Data excerpt:
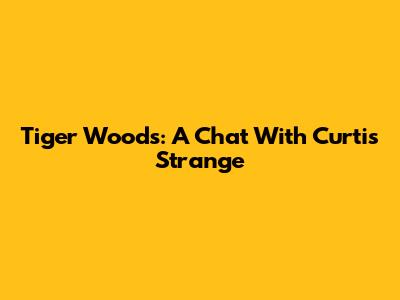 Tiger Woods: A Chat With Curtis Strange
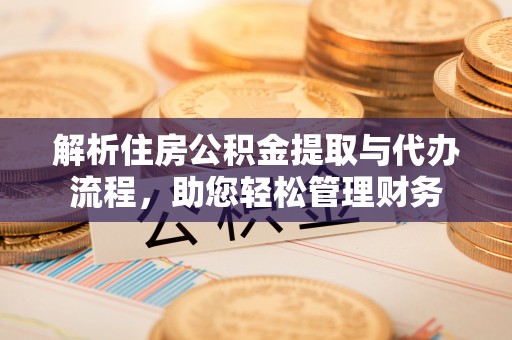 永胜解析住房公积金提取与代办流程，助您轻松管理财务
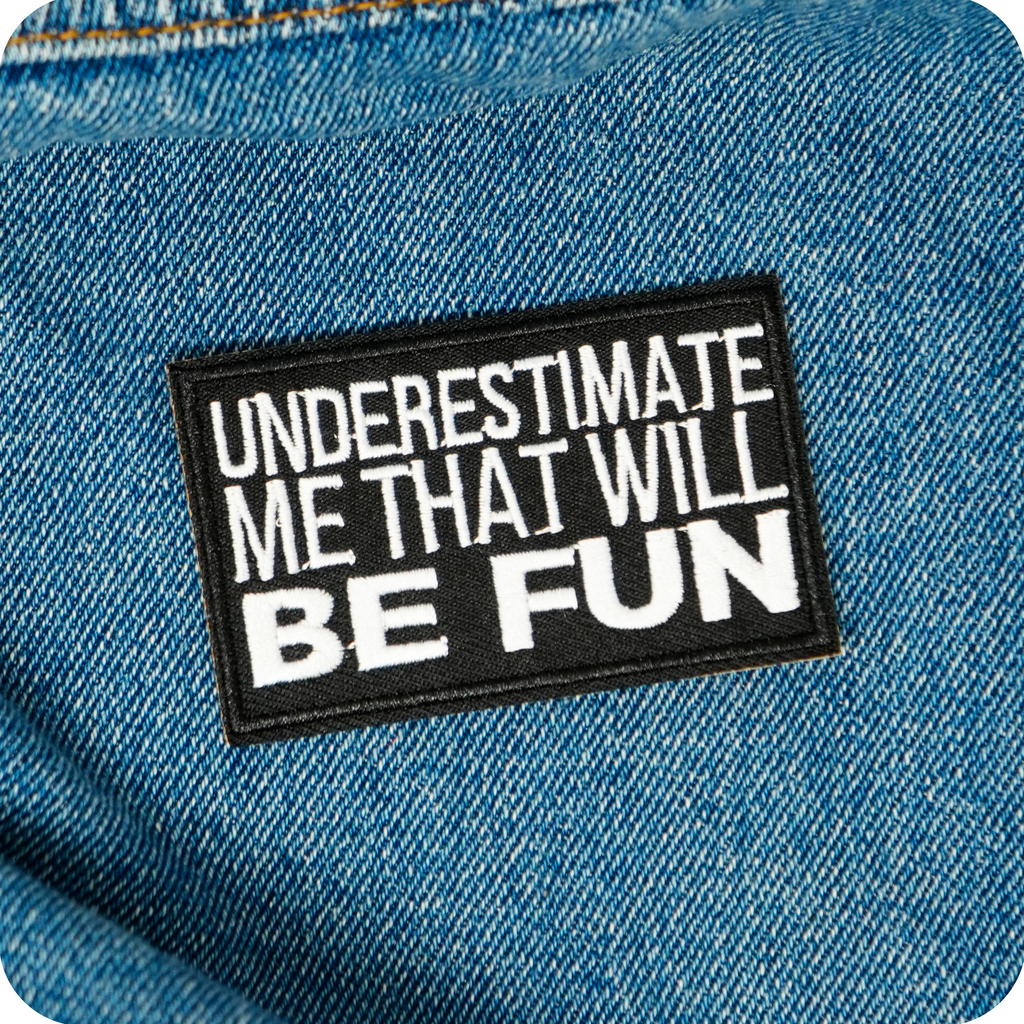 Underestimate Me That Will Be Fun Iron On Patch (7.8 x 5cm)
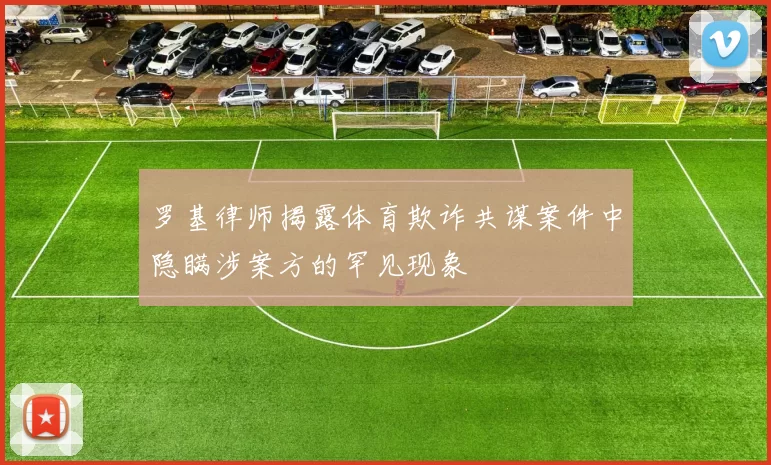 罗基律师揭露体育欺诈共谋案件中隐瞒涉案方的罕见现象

Problem to solve:
Could you return the entire listing above verbatim while dropping each picture?

Response to this exercise:
 Tiger Woods: A Chat With Curtis Strange
 永胜解析住房公积金提取与代办流程，助您轻松管理财务
 Underestimate Me That Will Be Fun Iron On Patch (7.8 x 5cm)
 罗基律师揭露体育欺诈共谋案件中隐瞒涉案方的罕见现象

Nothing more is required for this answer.